The team used evolutionary algorithms to generate characters for the game Quake3 and then multiplied them by producing random mutations in each character’s behavior. Each of these mutants then took on the standard computer opponent. Those that performed well were "mated" to create a new selection of mutants, while the rest were discarded. The team repeated the process a number of times, finally creating characters that were able to beat the conventional computer bad guys and were much tougher for humans to play against.


This is the first time I’d heard of evolutionary algorithms being used in videogames, but it makes sense. If they can compute the shortest way to connect a bunch of points, or other complex math problems, and if they can evolve complex behaviors, then why not make more difficult videogame AIs? Evolutionary algorithms can produce a stunning number of different results, which would mean more distinct AIs, which creates more realistic and more difficult gameplay. Not only could it produce a multitude of different styles, it could also produce the best ones.

Traditionally, as difficulty level increases, enemies simply have more health, deadlier and more accurate weapons, and find you faster; behavioral modification is slight (at least in the games I’ve played). However, now they could actually behave more effectively, more like a real player would, with strategies and tactics. Evolutionary algorithms routinely surprise their designers with how much they can produce from little input, and the same would be true of game AIs: very complex situation-dependent behaviors would emerge. Even in advanced games, even on the highest difficulties, AIs are still pretty dumb. By evolving characters, game designers could change that.

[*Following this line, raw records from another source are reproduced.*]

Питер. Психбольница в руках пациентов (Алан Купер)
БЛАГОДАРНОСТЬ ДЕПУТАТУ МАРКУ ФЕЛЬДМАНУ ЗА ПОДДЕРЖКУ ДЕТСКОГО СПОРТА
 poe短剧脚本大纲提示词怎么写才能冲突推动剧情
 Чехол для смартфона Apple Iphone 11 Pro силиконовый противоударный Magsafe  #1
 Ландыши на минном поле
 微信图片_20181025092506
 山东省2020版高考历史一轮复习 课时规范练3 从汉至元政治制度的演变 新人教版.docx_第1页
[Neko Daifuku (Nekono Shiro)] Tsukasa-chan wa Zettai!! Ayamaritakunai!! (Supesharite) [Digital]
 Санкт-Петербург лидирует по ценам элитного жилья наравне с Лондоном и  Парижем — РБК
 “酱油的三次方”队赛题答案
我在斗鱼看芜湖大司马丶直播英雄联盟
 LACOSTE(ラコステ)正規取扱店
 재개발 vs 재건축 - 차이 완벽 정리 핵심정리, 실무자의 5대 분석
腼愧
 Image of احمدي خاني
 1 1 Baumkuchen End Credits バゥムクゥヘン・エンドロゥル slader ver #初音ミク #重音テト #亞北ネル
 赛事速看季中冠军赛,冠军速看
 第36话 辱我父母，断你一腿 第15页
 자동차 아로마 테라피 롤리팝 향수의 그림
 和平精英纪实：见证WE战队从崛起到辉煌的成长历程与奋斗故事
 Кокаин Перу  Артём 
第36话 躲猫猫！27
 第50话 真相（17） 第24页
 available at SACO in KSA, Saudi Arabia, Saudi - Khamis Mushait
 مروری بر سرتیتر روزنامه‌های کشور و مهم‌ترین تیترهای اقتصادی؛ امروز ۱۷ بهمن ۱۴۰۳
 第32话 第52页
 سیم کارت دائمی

An even more dramatic improvement would be characters that evolve based on how you play. Over the course of the game, you kill thousands of characters. The game knows characters are easiest for you to kill, and can play less of them. But you also die dozens of times, so it would also know which ones kill you best, and could play more of them. In this way you’d find yourself up against the most vexing opponents for your style. Not only could the game change the frequency of the characters, it could change the strategies themselves. As you progress and get better at the game, the characters adapt to your style, and you have to counter-adapt. In evolutionary terms, this is an arms race, and it ends with you as a better player. Or losing and throwing the controller at the screen, whichever comes first.

I have yet to play a videogame where the AI is harder than another player, and with evolutionary algorithms it could soon happen. I look forward to the day when the computer is better than my roommate (that bastard can really kick ass at Halo).